1.3k Views Asked by At

I am trying to use R to navigate to a particular Wikipedia page based on a string value. Since I don't have the exact Wikipedia URLs for the list of keywords I am looking up (e.g., "Prog rock" as a search term goes to a URL ending in Progressive_rock), my thought was to pass the keywords to a Google "Feeling Lucky" search, and then scrape the HTML of the resulting Wikipedia page.

In the process of trying this, I found that I was having trouble submitting any form with R. Can anyone post a reproducible example for running a Google query with an R session and returning the HTML of the top page, or a Wikipedia search based on search terms?

I have been using Hadley's excellent rvest package for most of my web scraping, but haven't been able to get this aspect to work even using the example adapted from the manual for rvest:

goog<-html_session("https://www.google.com")

search <- html_form(html("https://www.google.com"))[[1]]

search.mod<-set_values(search, q = "My little pony")

submit_form(goog, search.mod, submit='btnI')

Which returns:

 Error: length(url) == 1 is not TRUE

I tried Wikipedia search directly as well with the same luck:

url<-"http://en.wikipedia.org/wiki/Main_Page"

wiki<-html_session(url)

search.form<-html_form(wiki)[[1]]

form.mod<-set_values(search.form, search="Frank Zappa")

submit_form(wiki,form.mod,submit='go')

Which returns the same error.
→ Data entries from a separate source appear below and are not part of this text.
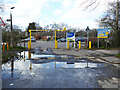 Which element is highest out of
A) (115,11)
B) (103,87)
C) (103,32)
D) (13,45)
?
(115,11)

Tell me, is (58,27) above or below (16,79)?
above

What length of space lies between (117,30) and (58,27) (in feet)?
167

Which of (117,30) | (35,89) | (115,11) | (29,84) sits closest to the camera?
(35,89)

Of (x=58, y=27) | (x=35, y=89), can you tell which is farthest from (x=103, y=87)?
(x=58, y=27)

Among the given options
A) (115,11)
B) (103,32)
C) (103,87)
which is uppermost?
(115,11)

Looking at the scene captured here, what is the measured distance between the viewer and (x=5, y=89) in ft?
14.9

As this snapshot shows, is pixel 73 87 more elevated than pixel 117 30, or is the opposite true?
pixel 117 30

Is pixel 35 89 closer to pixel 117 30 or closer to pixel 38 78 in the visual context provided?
pixel 38 78

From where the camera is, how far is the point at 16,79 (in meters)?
5.54

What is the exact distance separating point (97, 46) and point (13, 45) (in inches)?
497

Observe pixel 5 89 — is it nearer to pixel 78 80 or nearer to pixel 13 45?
pixel 78 80

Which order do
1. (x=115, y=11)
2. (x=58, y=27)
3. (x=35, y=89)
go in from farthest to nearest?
(x=58, y=27) < (x=115, y=11) < (x=35, y=89)

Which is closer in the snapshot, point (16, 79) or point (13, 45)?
point (16, 79)

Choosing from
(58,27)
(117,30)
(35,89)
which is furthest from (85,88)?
(58,27) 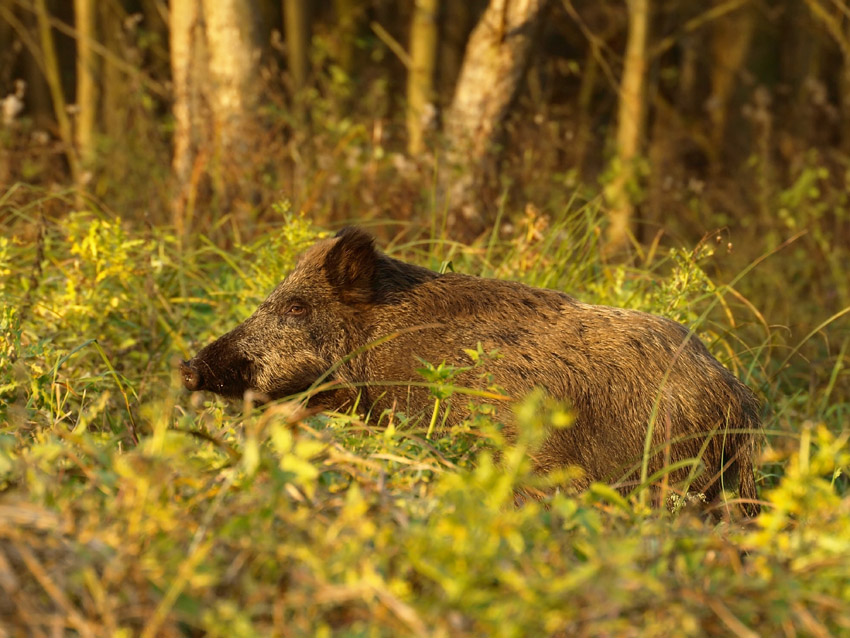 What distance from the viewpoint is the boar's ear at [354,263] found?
14.6 ft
I suspect I am making some sort of incredibly simple mistake, but I can't figure out what it is.

Many of the examples online to submit search forms appear to use the httr, RCurl, and RSelenium packages, but I haven't found a specific example on Google or Wikipedia that works, and many of the examples appear to be outdated since Google changed the format of their "I'm Feeling Lucky" search. I also looked at the WikipediR package as suggested in a similar question (Sumbit queries on wikipedia through R) but it doesn't appear to have a search function.

1

There are 1 best solutions below

1
On

to submit a search on Wikipedia or google, you don't need the html_form as they both provide a way to pass the query in the url. For instance if you are looking for "apple" in Wikipedia, just type

http://en.wikipedia.org/wiki/Special:Search/apple

This will redirect to the apple page as there is a page with this name.

http://en.wikipedia.org/wiki/Special:Search/Prog_rock

will also find the right page as there is an automatic redirection in place.

If you are looking for "Progressiv Rock", it will not find any page but will display some suggestions, that you can try to parse:

http://en.wikipedia.org/wiki/Special:Search/Progressiv_rock